This list of commodity ETFs is an easy way to invest in raw materials.
The rate of inflation hit the highest level since 1990 this October, with prices jumping 6.2% over the prior year. The big drivers, unsurprisingly for those who have been out shopping or filling up the car lately, were food and fuel prices. There are serious implications for many asset classes when prices rise in this fashion, as consumers often have less money to spend and some businesses see their profit margins shrink materially. But perhaps the simplest and most direct way to invest with inflation in mind is to buy into raw materials, including key commodities such as oil, copper and soybeans. If you’re interested in that approach, here are eight exchange-traded funds that let you invest directly in commodities.
Invesco Optimum Yield Diversified Commodity Strategy No K-1 ETF (ticker: PDBC)
The largest commodity ETF out there as measured by assets under management, this nearly $7 billion fund is an actively managed ETF that does not follow a fixed index but rather focuses on around 15 heavily traded commodity futures contracts as well as “swaps” to gain exposure to key commodity markets including oil, natural gas, corn and copper, among others. Also, the “No K-1” in its name speaks to the fact that PDBC doesn’t offer the more burdensome K-1 tax form issued by partnerships that include commodity firms and even some commodity fund sponsors. The result is a simple and effective way to play commodities without the hassle of other strategies. PDBC’s expense ratio is 0.59%, or $59 for every $10,000 invested annually.

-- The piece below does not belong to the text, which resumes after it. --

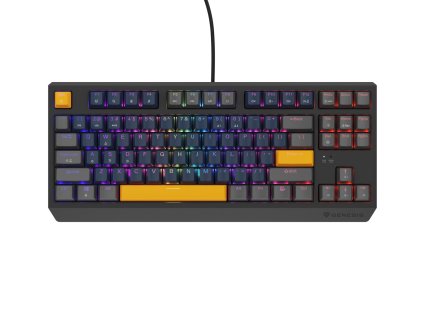 GENESIS herní klávesnice THOR 230/TKL/RGB/Outemu Panda/Drátová USB/US layout/Naval Blue Positive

Invesco DB Commodity Index Tracking Fund (DBC)
Another popular Invesco commodity fund, the $3 billion DBC is similar in that it follows the most widely held commodities and gains exposure to these materials via futures contracts. But right now, the makeup of the portfolio is decidedly different than the prior fund in that the top four positions are much more heavily weighted toward fossil fuels, with gasoline and diesel futures comprising more than 24% of total holdings. Crude oil makes up about 24% of the fund’s holdings after that, making the fund a decidedly energy-focused investment. That said, energy prices have been soaring, so this fund is up more than 40% in 2021 to easily outperform the S&P 500. DBC’s expense ratio is 0.85%.
iShares GSCI Commodity Dynamic Roll Strategy ETF (COMT)
This nearly $3 billion iShares fund is a more sophisticated offering that deploys a “dynamic-roll” strategy. While it is similar to the prior funds in that it offers access to commodities across energy, metals and agriculture, it minimizes the expenses and tax burdens that can come from commodity investing through a combination of futures, options and swaps trading. This is not particularly unique to COMT, but what the fund does offer is a more strategic approach to “rolling” short-term contracts into longer-term contracts. In other words, rather than just selling futures or options based on a day in the calendar, this fund seeks out the maximum profit opportunity when it rolls those positions forward. Thanks in part to this approach, COMT is sitting on an impressive gain of about 40% this year. COMT’s expense ratio is 0.48%.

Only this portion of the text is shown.